It's Do or Die Time For the Phillies

Phils lose to the Giants 6-5

Just when the Philadelphia Phillies' quiet bats woke up, a bullpen that had been reliable so far this postseason couldn't hold on.

Chad Durbin blew the lead in the sixth inning and usual starter Roy Oswalt gave up the winning run on Juan Uribe's sacrifice fly in the ninth as the Phillies fell 6-5 to the San Francisco Giants in Game 4 of the NL championship series on Wednesday night.

Instead of being right back in the series with ace Roy Halladay set to take the mound Thursday night, the Phillies trail 3-1 and need a win just to send the series switched back to Philadelphia for the final two games.

The two-time defending NL champs used five relievers before manager Charlie Manuel called on Oswalt, who had made only 13 regular-season relief appearances in 10 seasons and one in his
previous 10 playoff games.

Oswalt's only other postseason relief outing came in Game 7 of the 2004 NLCS when he pitched two innings in relief of Roger Clemens in a 5-2 loss to St.
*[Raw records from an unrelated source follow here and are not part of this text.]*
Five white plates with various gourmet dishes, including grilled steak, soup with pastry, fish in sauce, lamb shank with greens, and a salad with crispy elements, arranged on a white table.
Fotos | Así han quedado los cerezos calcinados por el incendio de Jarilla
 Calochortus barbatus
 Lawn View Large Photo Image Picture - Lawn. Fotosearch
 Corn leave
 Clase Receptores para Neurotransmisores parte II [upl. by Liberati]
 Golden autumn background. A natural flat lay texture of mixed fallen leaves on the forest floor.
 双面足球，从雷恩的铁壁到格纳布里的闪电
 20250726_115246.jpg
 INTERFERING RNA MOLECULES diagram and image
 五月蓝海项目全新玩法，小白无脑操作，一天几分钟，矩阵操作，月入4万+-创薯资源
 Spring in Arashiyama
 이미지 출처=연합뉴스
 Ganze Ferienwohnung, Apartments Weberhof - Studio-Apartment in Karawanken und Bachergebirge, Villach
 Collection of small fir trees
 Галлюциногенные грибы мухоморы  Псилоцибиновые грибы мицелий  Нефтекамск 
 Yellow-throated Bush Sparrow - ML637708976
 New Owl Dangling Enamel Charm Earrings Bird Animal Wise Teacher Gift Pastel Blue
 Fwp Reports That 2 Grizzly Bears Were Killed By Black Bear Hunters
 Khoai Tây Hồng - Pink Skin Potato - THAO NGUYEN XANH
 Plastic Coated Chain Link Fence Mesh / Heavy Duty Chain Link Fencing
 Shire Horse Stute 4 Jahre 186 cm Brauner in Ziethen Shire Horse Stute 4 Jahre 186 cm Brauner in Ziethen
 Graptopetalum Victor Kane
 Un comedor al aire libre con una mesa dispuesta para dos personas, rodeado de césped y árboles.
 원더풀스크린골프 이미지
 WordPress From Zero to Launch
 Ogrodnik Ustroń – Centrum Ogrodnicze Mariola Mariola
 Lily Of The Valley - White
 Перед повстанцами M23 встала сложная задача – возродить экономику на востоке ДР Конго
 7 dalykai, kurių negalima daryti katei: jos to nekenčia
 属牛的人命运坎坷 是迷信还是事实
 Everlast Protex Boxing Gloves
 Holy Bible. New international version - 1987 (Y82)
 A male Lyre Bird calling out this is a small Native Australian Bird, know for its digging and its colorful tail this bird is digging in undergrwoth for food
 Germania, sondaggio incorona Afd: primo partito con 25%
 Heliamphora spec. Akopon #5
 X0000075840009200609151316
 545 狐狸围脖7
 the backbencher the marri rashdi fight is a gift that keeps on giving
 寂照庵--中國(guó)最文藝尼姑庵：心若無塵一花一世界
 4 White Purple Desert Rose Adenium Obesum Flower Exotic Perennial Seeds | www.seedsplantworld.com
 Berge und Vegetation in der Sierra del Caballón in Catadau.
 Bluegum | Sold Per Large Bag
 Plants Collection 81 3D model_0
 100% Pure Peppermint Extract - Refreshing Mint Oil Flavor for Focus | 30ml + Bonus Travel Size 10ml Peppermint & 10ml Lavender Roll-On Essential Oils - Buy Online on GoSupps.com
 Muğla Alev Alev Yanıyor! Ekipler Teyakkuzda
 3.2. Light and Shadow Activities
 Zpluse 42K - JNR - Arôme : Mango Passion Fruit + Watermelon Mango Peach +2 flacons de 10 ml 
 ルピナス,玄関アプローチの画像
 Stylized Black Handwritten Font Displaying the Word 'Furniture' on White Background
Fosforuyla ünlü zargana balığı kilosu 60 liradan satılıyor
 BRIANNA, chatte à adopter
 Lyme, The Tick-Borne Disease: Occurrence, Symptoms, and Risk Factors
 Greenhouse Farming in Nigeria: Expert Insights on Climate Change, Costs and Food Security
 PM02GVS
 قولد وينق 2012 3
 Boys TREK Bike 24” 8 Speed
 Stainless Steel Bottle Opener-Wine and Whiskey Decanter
Louis.

Manuel went with Oswalt instead of Brad Lidge most likely because he was holding his closer back in case the Phillies took the lead in the top half of an extra inning. That never happened.

Oswalt, who shut down the Giants in a Game 2 masterpiece, allowed one-out singles to Aubrey Huff and rookie Buster Posey that put runners on first and third. Uribe followed with a fly ball to
deep left and Huff slid in safely.

Oswalt caught Ben Francisco's throw in disgust and had to meander through a sea of celebrating Giants to get off the field.

Lidge likely would have pitched the ninth had Durbin been able to preserve the lead in the sixth.

The Phillies had gone 14 straight innings without a run until scoring four in the fifth, keyed by Placido Polanco's two-run double. Starter Joe Blanton gave up a run in the bottom half before Jose Contreras preserved the 4-3 lead by striking out Posey to extend the scoreless streak for Philadelphia's relievers to 9 1-3 innings this postseason.

The bullpen's spotless stretch ended with Durbin on the mound in the sixth. He walked Pat Burrell to lead off the inning - the second straight frame that a leadoff walk led to a San Francisco run. Phillies nemesis Cody Ross followed a double, putting runners on second and third with his fourth extra-base hit of the series.

With no one warming in the Philadelphia bullpen, Sandoval lined a ball down the right-field line that was ruled foul by first-base umpire Jeff Nelson to the disgust of the Giants.

It ended up not mattering when, moments later, Durbin allowed Sandoval's double into the gap in left-center that gave the Giants a 5-4 lead.

The Phillies managed to tie it in the eighth on Jayson Werth's double off Sergio Romo but walked off with the loss an inning later.